Dimer M12 (E_tot: −2.9 kcal mol⁻¹) stabilizes by short and three centered Csp³–H⋯H–Csp³ (involving H16 and H17A/H18B) H–H bonding interactions in which two adjacent adamantane moieties are participated. Further, the neighbouring dimers formed by M9 interlinked by motif M12 as shown in Fig. 7. The least dimer M13 (E_tot: −1.8 kcal mol⁻¹) in II also stabilizes with H–H bonding interaction (involving H18A and H6) with Csp³–H⋯H–Csp² type. It is of interest to note that the motifs M6, M9, M12 and M13 generate a molecular sheet as shown in Fig. 8.

Fig. 8 Supramolecular sheet constructed by motifs M6, M9, M12 and M13 in II.
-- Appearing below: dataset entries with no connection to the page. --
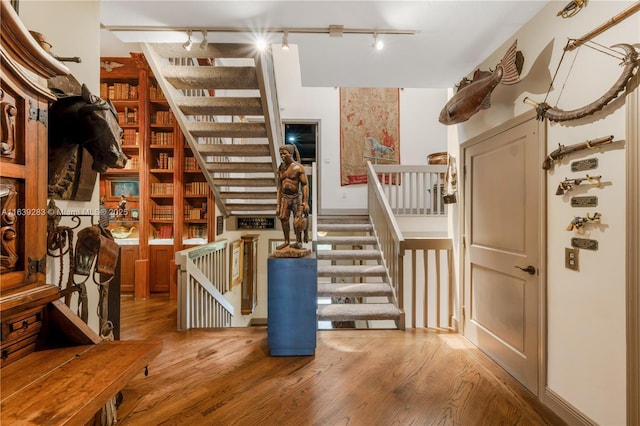 stairway with wood finished floors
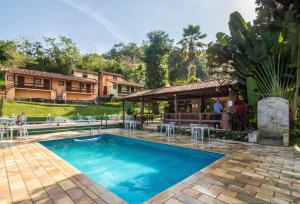 uma piscina em frente a uma casa em Hotel Fazenda Canto da Serra em Jaconé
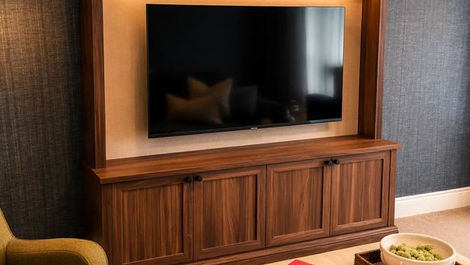 A cozy living room features a wooden entertainment center with a TV, vases, and books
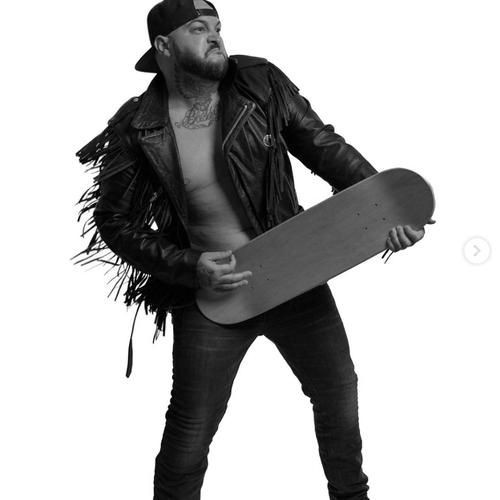 Man in a leather jacket poses with a skateboard like a guitar.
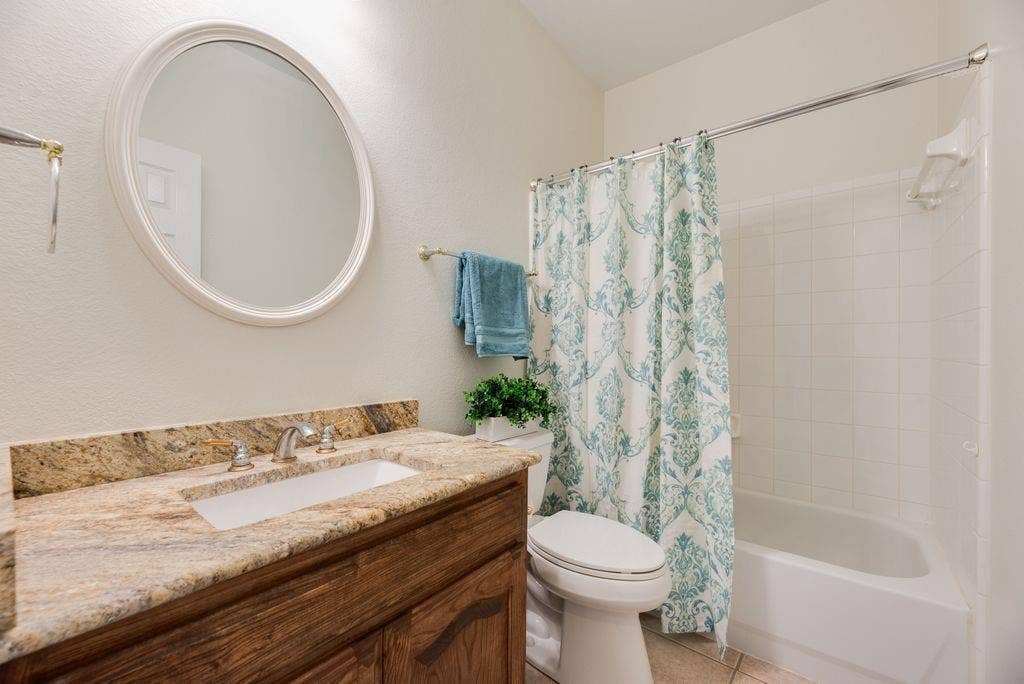 1485 Ashbourne Drive, Rockwall, TX 75087 Full Bathroom featuring a vanity with an integrated sink, a polished stone countertop, a circular framed mirror, and a tiled shower and tub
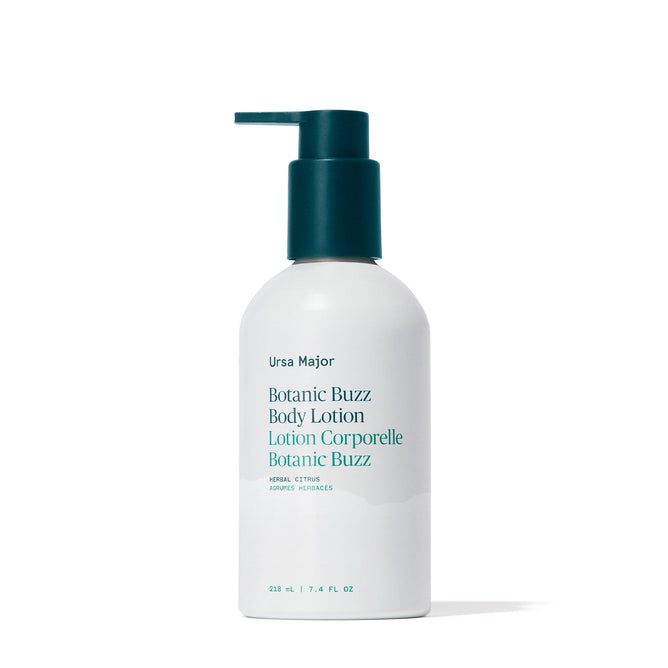 A white bottle of Ursa Major Botanic Buzz Body Lotion with a teal pump. The label shows the product name and details in blue and teal text.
Crystal structure of the bromo derivative III

The bromo derivative III crystallizes in the triclinic system with the centrosymmetric P1̄ space group and one molecule in the asymmetric unit (Fig. 9). The conformation of the fused cyclohexane rings and the orientation of the N–H group are very similar to that of the structure of II. The bromophenyl ring is less twisted as compared to fluorophenyl ring in II with respect to the mean plane of the five-membered ring. The dihedral angle between bromophenyl and five-membered ring is being 11.13°.
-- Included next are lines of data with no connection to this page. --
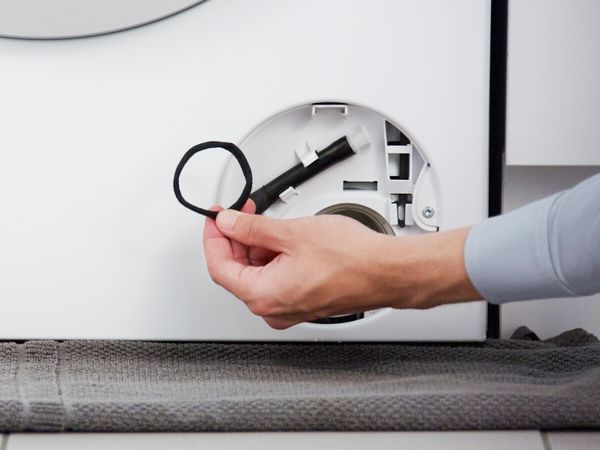 En person rengjør delene til en Bosch vaskemaskin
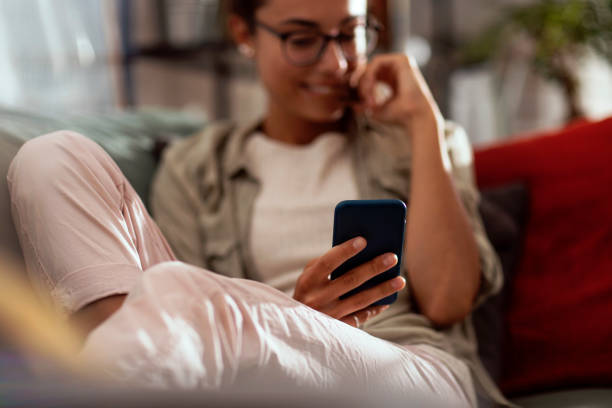 istock Receiving his texts always brings a smile to her face 1220845938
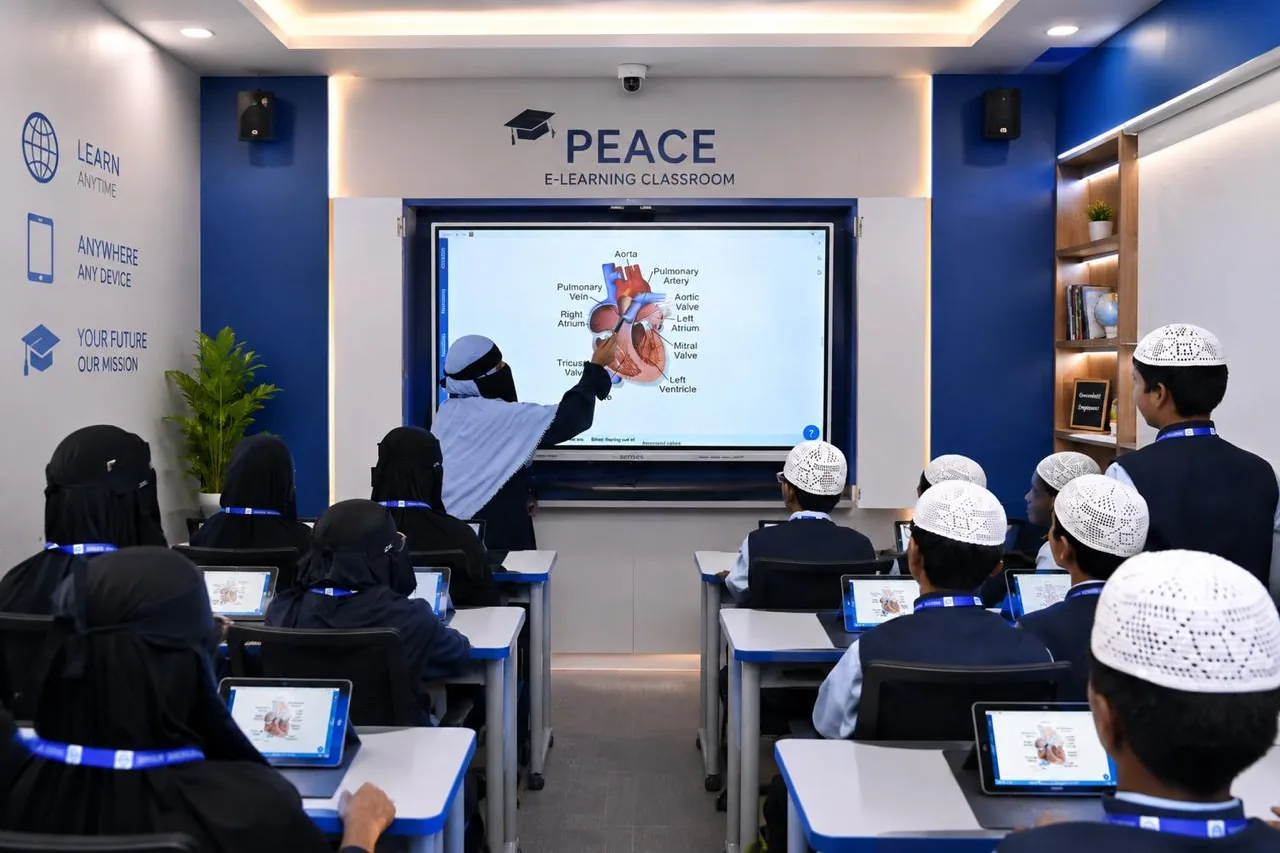 A class following a lesson on the interactive panel in the PEACE e-learning classroom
Fig. 9 Thermal ellipsoidal plot of compound III. The ellipsoids are drawn at the 50% probability level.

The QTAIM analysis reveals that the conformation of molecule III is stabilized by an intramolecular C–H⋯S interaction. Moreover, the bond path distance (2.439 Å) is quite shorter for an intramolecular C–H⋯S interaction as compared to II. The dissociation energy (D_e) for this interaction was computed to be 3.63 kcal mol⁻¹. The molecular graph and topological parameters are presented in ESI (Table S2 and Fig. S5†).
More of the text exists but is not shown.